While milk prices are at or just above break-even cost of production levels heading into 2016, there is hope on the horizon.

That’s according to Tim Hunt, an economist and global dairy strategist with Rabobank. Hunt spoke at Dairy Today’s Elite Producer Business conference in Las Vegas this November.

“The 2015 global market crash has depressed U.S. exports and pushed down producer returns,” he says. “If U.S. butterfat premiums erode in coming months, farm gate prices will fall further.”
But the supply brakes are being applied globally, and lower world prices are reawakening consumers. The result: “Pricing will likely enter a sustained upward phase in mid 2016,” Hunt says.

The reasons:

  • China will likely work through its current inventory of dairy stocks, and Chinese milk production will not keep pace. Lower milk prices in China means small dairy farms are continuing to exit the business, and any new development of large farms has been shelved until better prices return.
  •  New Zealand could see milk production decline nearly 10% in the first half of 2016 since feeding supplements is no longer profitable at these current world prices.
  • European Union (EU) milk production is expected to barely grow at all because of lower milk prices and reduced cash flows, and U.S. milk production might grow just 0.5% next year.
  • Current excess global supplies are roughly 5 million metric tons, which is about the annual milk production of the state of Idaho. Even so, it represents just three weeks of international trade. “Lower milk pricing will help unlock additional consumption, eroding those international stocks,” he says.

 
There could, of course, be some hiccups along the way. “EU quotas coming off and Euro currency valuations could result in more milk than we are expecting, or there could be further struggles in the global economy,” Hunt says.

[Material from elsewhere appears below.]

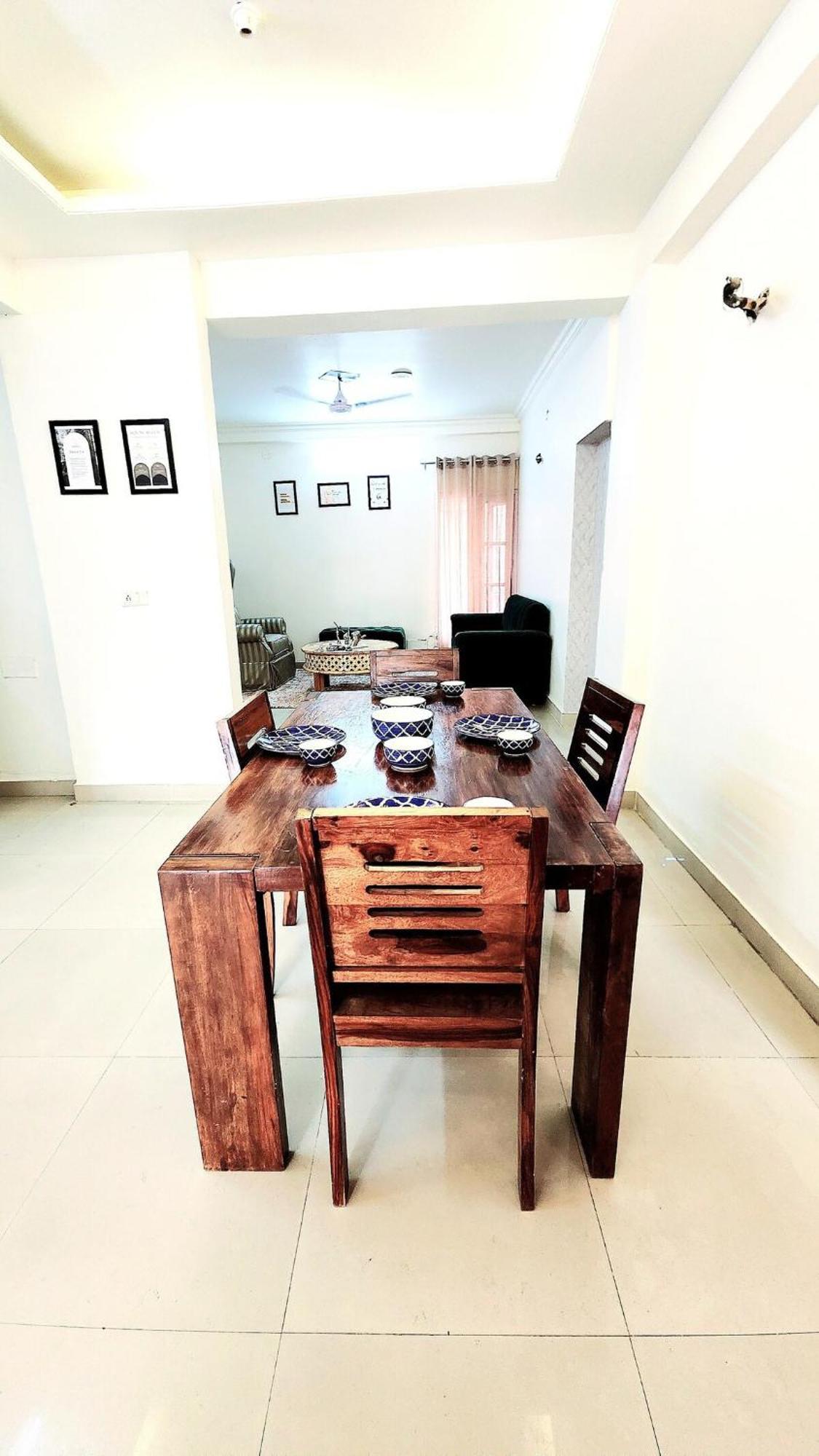 Cozy 3 Bedroom With Location Apartment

But at the same time, a strong El Niño this winter could cause problems in New Zealand and lower its production even further.

Underlying market factors are much different now than in 2009, the year of the last major price crash. In 2009, dairy imports were down almost across the board, in large part because capital markets were locked up and importers could not finance purchases.

“Demand conditions were also very different in 2009, when the world economy was contracting 2%,” Hunt says.

This year, China slowed its dairy purchases significantly because it imported huge amounts in 2014. The Chinese are now working their way through those inventories, and it’s likely they’ll be back in the buying mode by next summer.

The Russian embargo also halted European sales destined for that market, for the most part. European milk originally headed to Russia was converted to powder, stock piled and now hangs over other markets.

The difference now, compared to 2009, is the surplus is in private hands—which impacts how stocks behave. If governments hold the stocks, they typically release them in smaller increments so as not to further soften the market.

When stocks are held privately, they are released sooner to avoid storage and carrying costs. While that can cause prices to soften, the pain is less prolonged.

And unlike 2009, the world economy in 2015 is growing 2% to 3%. So as dairy prices decline, more third-world countries are willing and able to purchase products. When dairy products reached record levels in 2013 and 2014, many of these countries were priced out of the market.

Finally, dairy farmers worldwide will feel the pinch of lower prices. World supplies of milk will actually go negative by next spring, which will further erode stock-piled inventories.